A time to love and a time to hate;
A time for war and a time for peace. (John 3:16-21)
As a youngster, I was baffled by the Biblical advice that there is a time for all everything under the sun. A time to be born. A time to die. It seemed perfectly obvious to me. But then I was a literal child.
Positive psychology and the seasons
A big message coming out of the positive psychology school and the poets like David Whyte, who write about work, is that we must take each season of our life in turn. It seems though that even positive psychologists struggle to understand the ups-and-downs of life.
Let me try by using the seasons.
It is autumn now in the UK
Summer officially ends in the UK this week. The trees have already turned. The paths are strewn with leaves of all colors and it is cold inside – because it is not cold enough yet to turn on the heating. If we were still farmers, our crops would be harvested and stored, and we would have fodder in the barn for the livestock to survive the winter.
Live life on its own terms
It is here that we find the message. We have to live in summer on summer’s terms. We plant and we reap and we store to provide for the winter.
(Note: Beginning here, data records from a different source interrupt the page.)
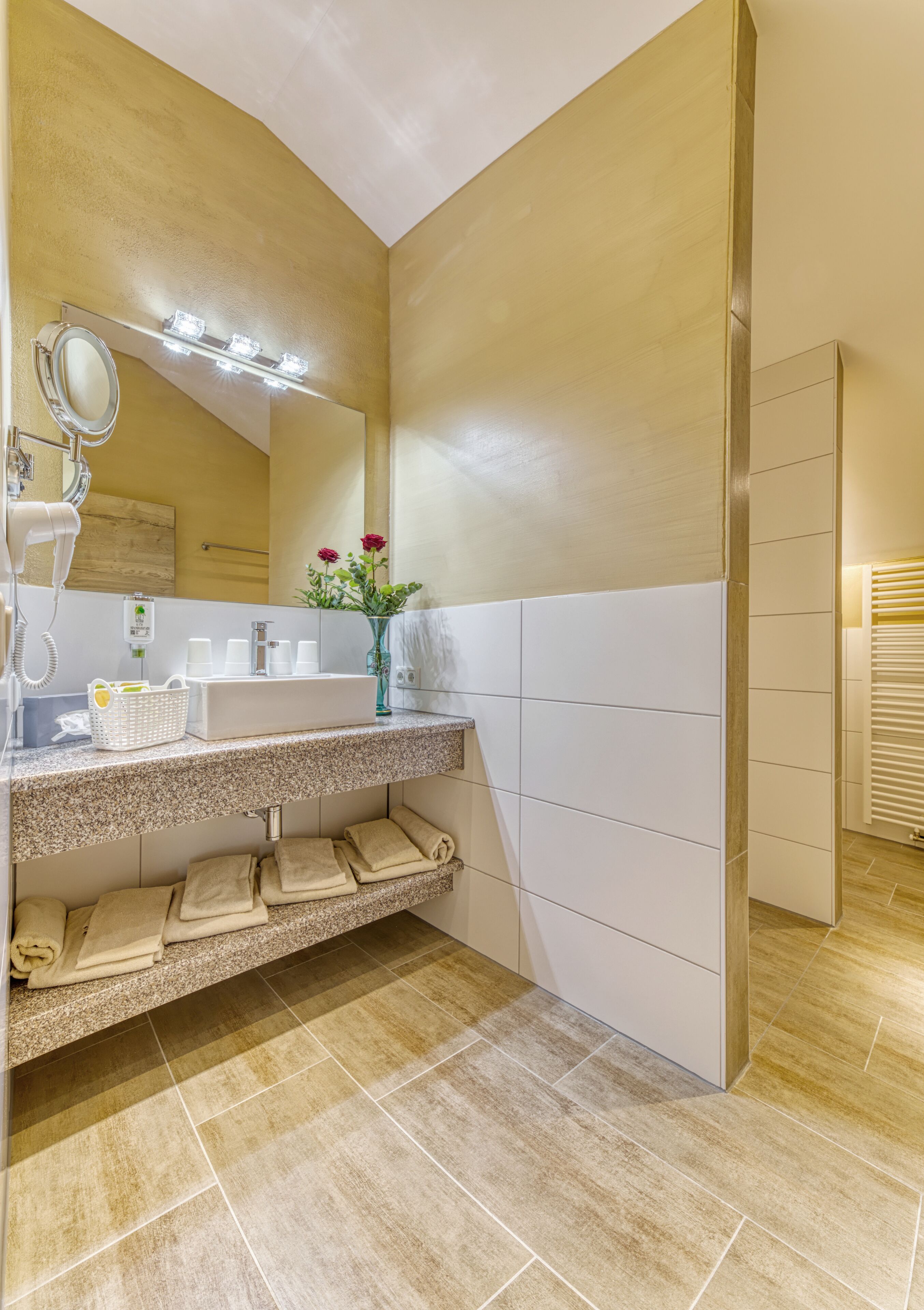 A bathroom with a granite countertop, a mirror, a vanity, a towel rack, and a vase with flowers.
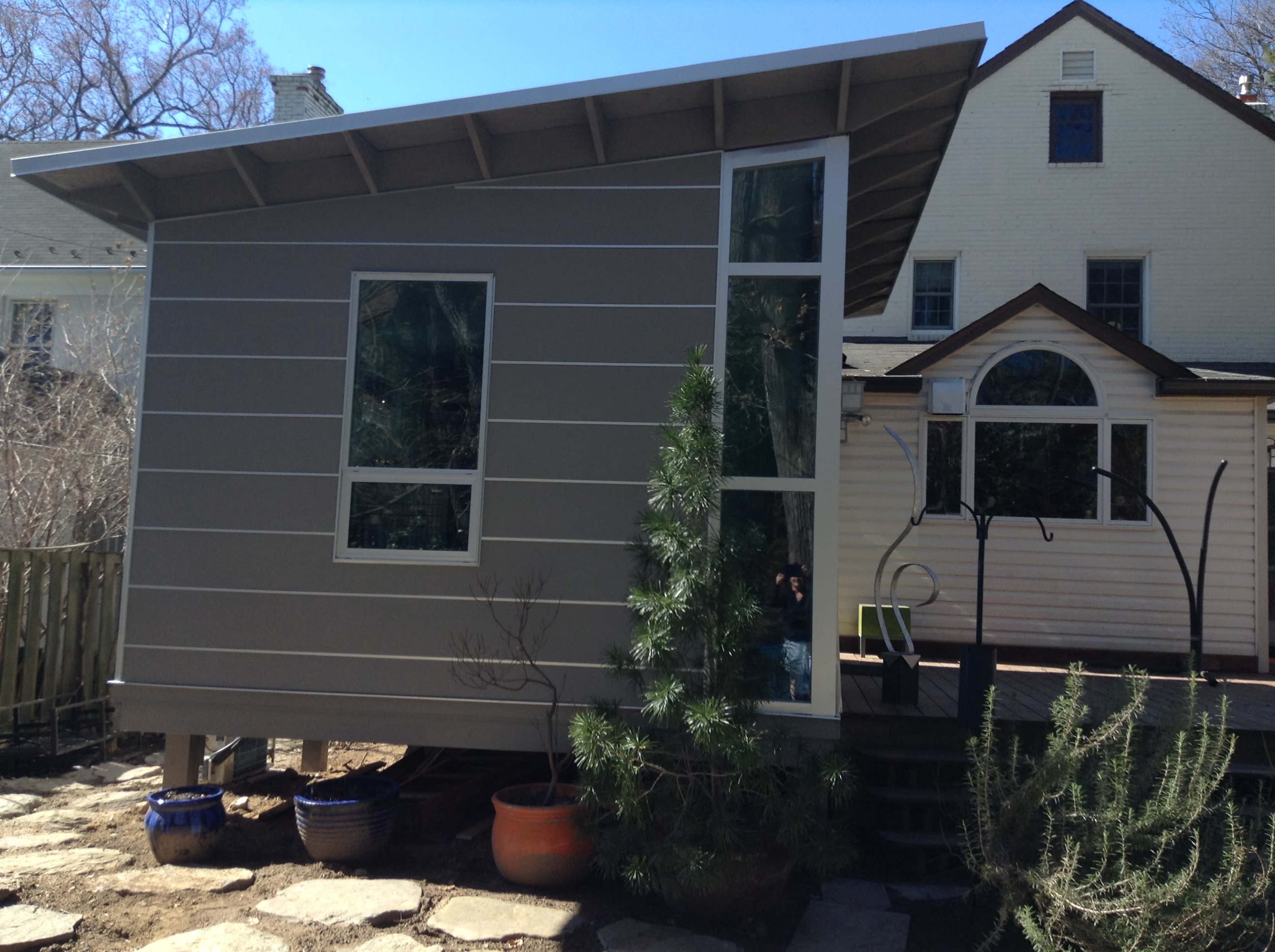 A modern gray shed with large windows situated next to a traditional white house, surrounded by landscaped stone pathways and plants.
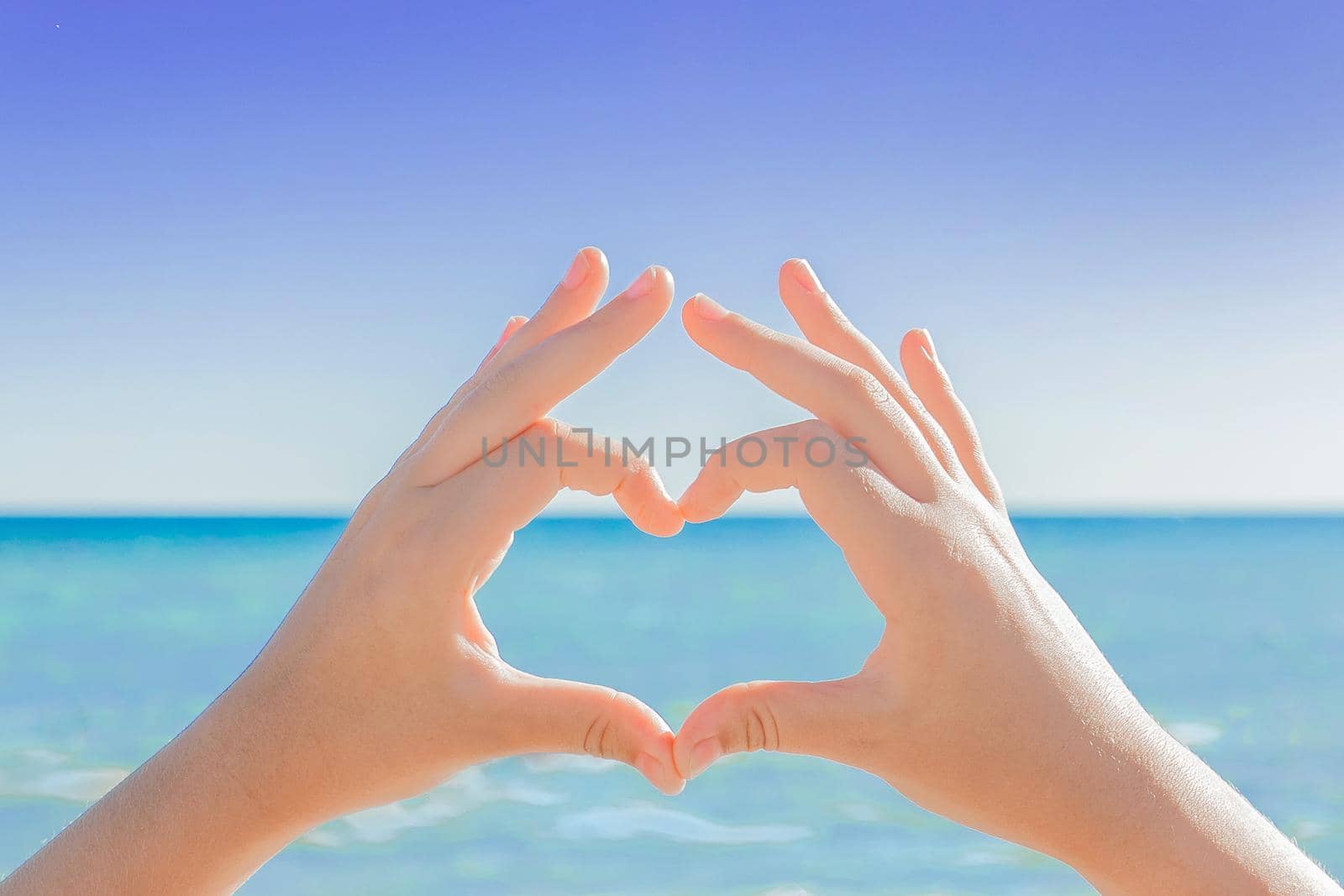 The hands of a young girl depict a sign or symbol of heart and love against the backdrop of the sea and the sky by AYDO8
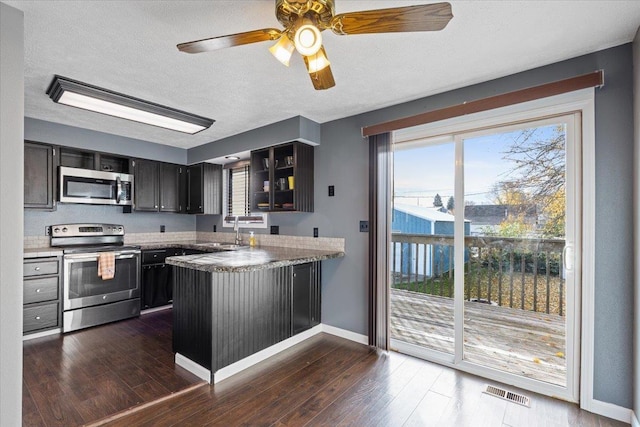 kitchen with ceiling fan, sink, kitchen peninsula, a textured ceiling, and appliances with stainless steel finishes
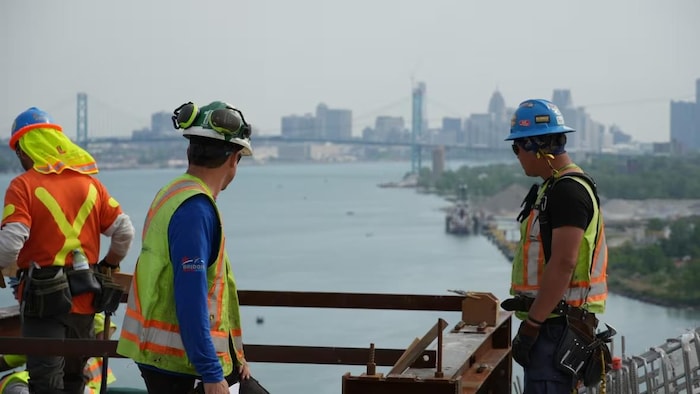 Deux travailleurs sont tournés vers le pont Ambassador, visible au loin.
And we must do the same in winter. We must live winter by the merits of winter.
I am still a ‘noobe’ in the northern hemisphere so let me talk about winter where I came from. Our winter was all of three weeks and days were a short 11 hours! So we lit a log fire in the evenings and gathered with friends and went to bed early to get warm. On weekends, we gathered again to have barbecues in the gentle mid-day sun. We might take advantage of the rainless days to do some maintenance. But mainly we didn’t. Winter was a time of rest and recovery before the growing season came around again.
Up here in the northern hemisphere, I think we are expected to be a lot more productive here. People use summer to play and the long winter nights to work.
Ups-and-downs of contemporary life
The old agricultural seasons help us understand the ups and downs of life and what it means to explore each for what it is.
Of course, we hate the downs. We don’t want them to happen. We are terrified they won’t end.
And the ‘ downs’ are real. I hate it when people tell us they are in our mind. People die. Economies collapse. We aren’t stupid or insane. These are real events. Very real. Very distressing. I hate the Nietzsche expression that what does not kill you makes your stronger. I don’t hate a lot of things but I really hate that. Downs are real. Please, don’t insult me by telling me they are in my mind.
Winter is not the absence of summer
But they downs need to be understood in their own terms for what they are. Just as we understand winter as winter not the absence summer. Winter comes before summer, and after summer, and must be respected for itself.
Happiness is respecting the winter of our lives
That is happiness. Happiness is respecting the quieter times, and the harder times, and seeing them as part of the pattern of life.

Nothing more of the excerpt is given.